#### What is required:
Transcribe the listing in full, word for word; pictures do not belong in the copy.

#### Data block:
===============

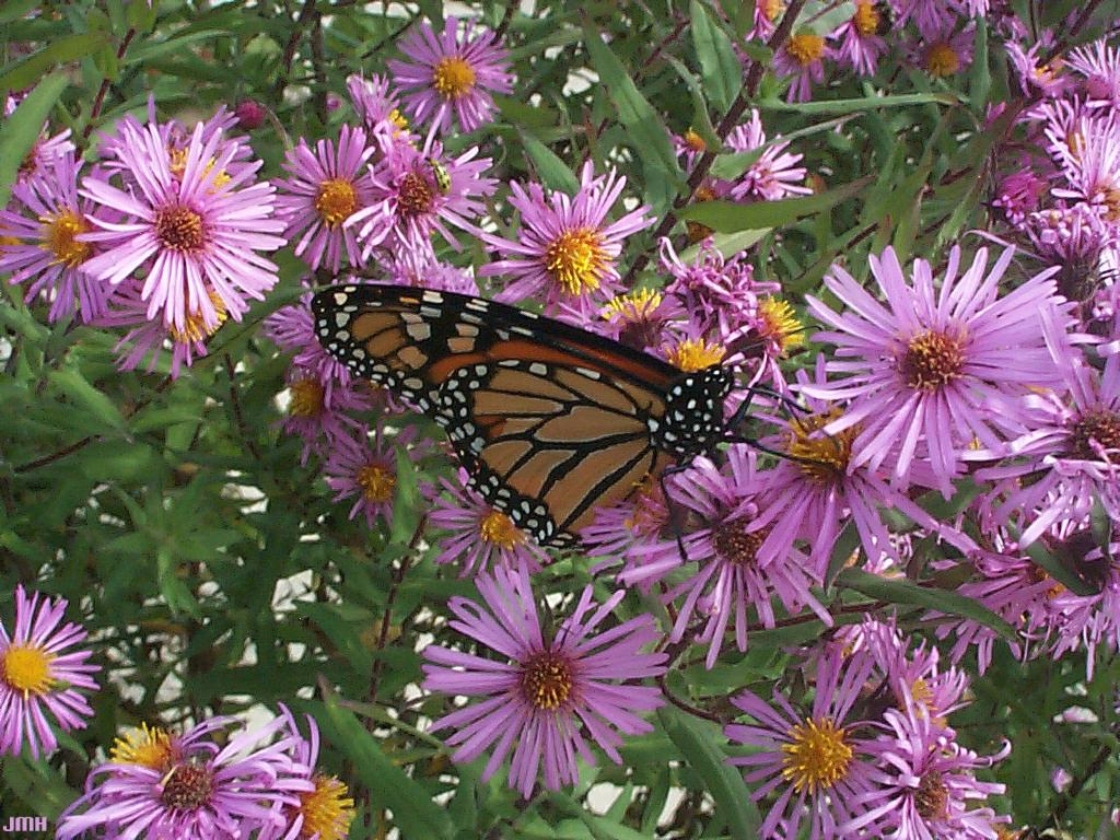 Symphyotrichum novae-angliae (L.) G.L.Nesom (New England aster), flowers
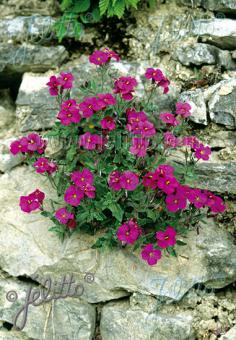 Aubrieta Royal Cascade Red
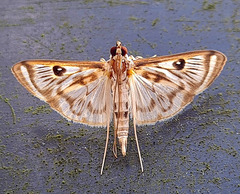 Rhimphalea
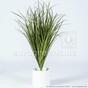 Sztuczne żłobienie wiązki trawy Trzcina pospolita 80 cm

===============

#### Written solution:
 Symphyotrichum novae-angliae (L.) G.L.Nesom (New England aster), flowers
 Aubrieta Royal Cascade Red
 Rhimphalea
 Sztuczne żłobienie wiązki trawy Trzcina pospolita 80 cm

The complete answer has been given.